Second Point. On the great rigour with which God punishes the sin of blasphemy.

6. “Woe to the sinful nation… they have blasphemed the Holy One of Israel.” (Isa. i. 4.) Woe to blasphemers, eternal woe to them: for, according to Tobias, they shall be condemned. ”They shall be condemned that blaspheme thee.” (Job xiii. 16.) The Lord has said by the mouth of Job, “Thou imitatest the tongue of blasphemers; thy own mouth shall condemn, and not I.” (Job xv. 5, 6.) In pronouncing the sentence of their condemnation, God will say: It is not I that condemn you to hell; it is your own mouth, with which you have dared to revile me and .my saints, that condemns you. Poor miserable blasphemers! They shall continue to blaspheme in hell for their greater torment: their very blasphemies in hell shall always remind them that they are damned for ever in punishment of their blasphemies on earth.

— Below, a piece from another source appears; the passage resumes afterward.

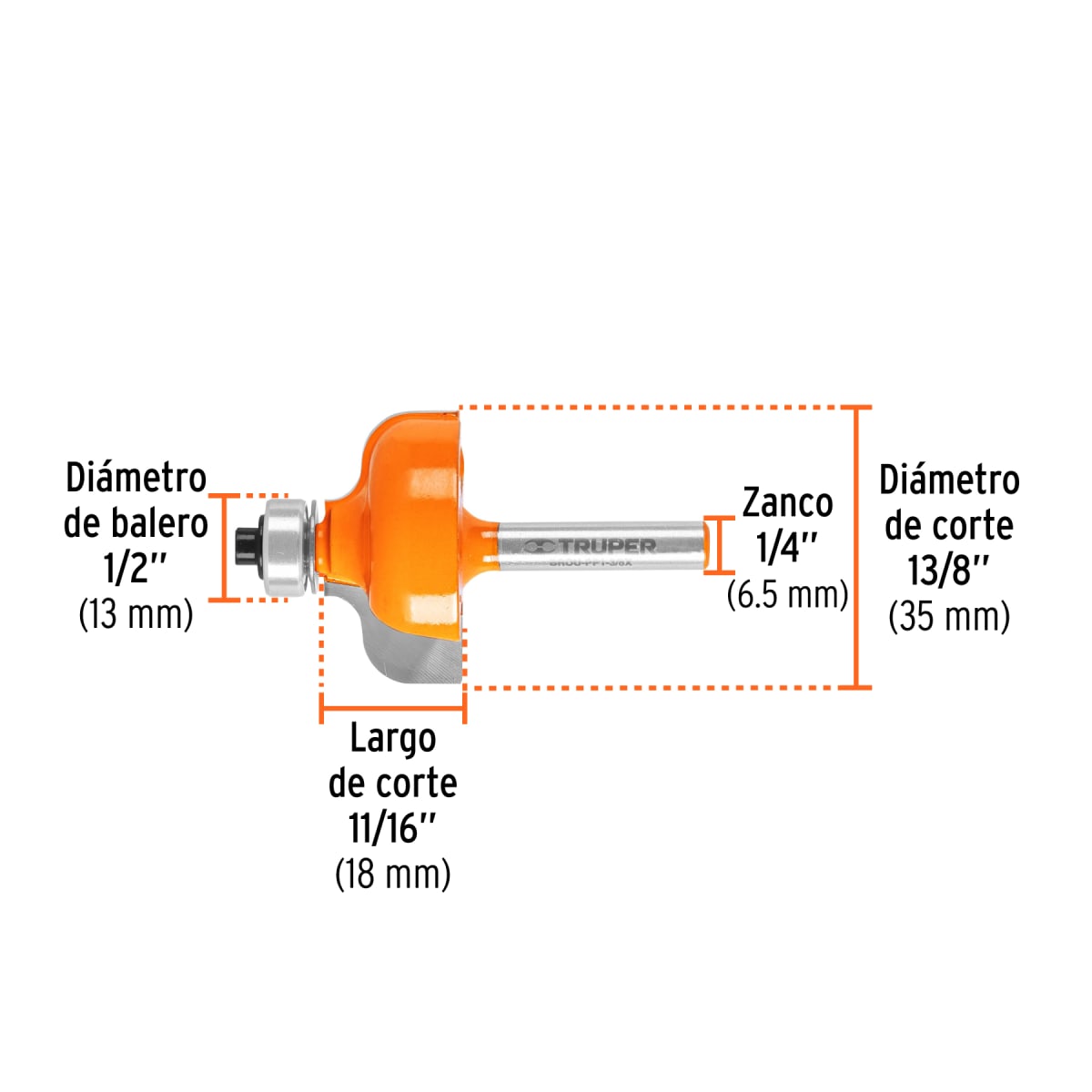 Fresa pecho paloma 1-3/8'' con rodaje Truper3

7. But blasphemers are punished not only in hell, but even on this earth. In the Old Law they were stoned by the people. “And he that blasphemeth the name of the Lord, dying let him die; all the multitude shall stone him.” (Lev. xxiv. 76.) In the New Law they were condemned to death by the Emperor Justinian. St. Louis, King of France, ordered them to be punished by perforating their tongue, and by branding their forehead with a red hot iron; and when they afterwards relapsed into blasphemy, he ordained that they should die on the scaffold. (Homo Bon. de cas. res. p. 2, c. i.) Another author says, that the law renders blasphemers (as being infamous) incapable of giving testimony. (Navarr. cons. 11, de offic. ord.) By the constitution of Gregory the Fourteenth, they were deprived of Christian burial. In the Authentica ut non luxur hom., it is said that blasphemies bring on famine, earthquakes, and pestilence. ”Propter blasphemias, et fames, et terræmotus et pestilentia fiunt.” You, O blasphemer, complain that though you labour and submit to fatigue, you are always in poverty. You say: ”I know not why I am always in misery: some malediction must have fallen on my family.” No; the blasphemies which you utter are the cause of your wretchedness, and make you always an object of God’s malediction.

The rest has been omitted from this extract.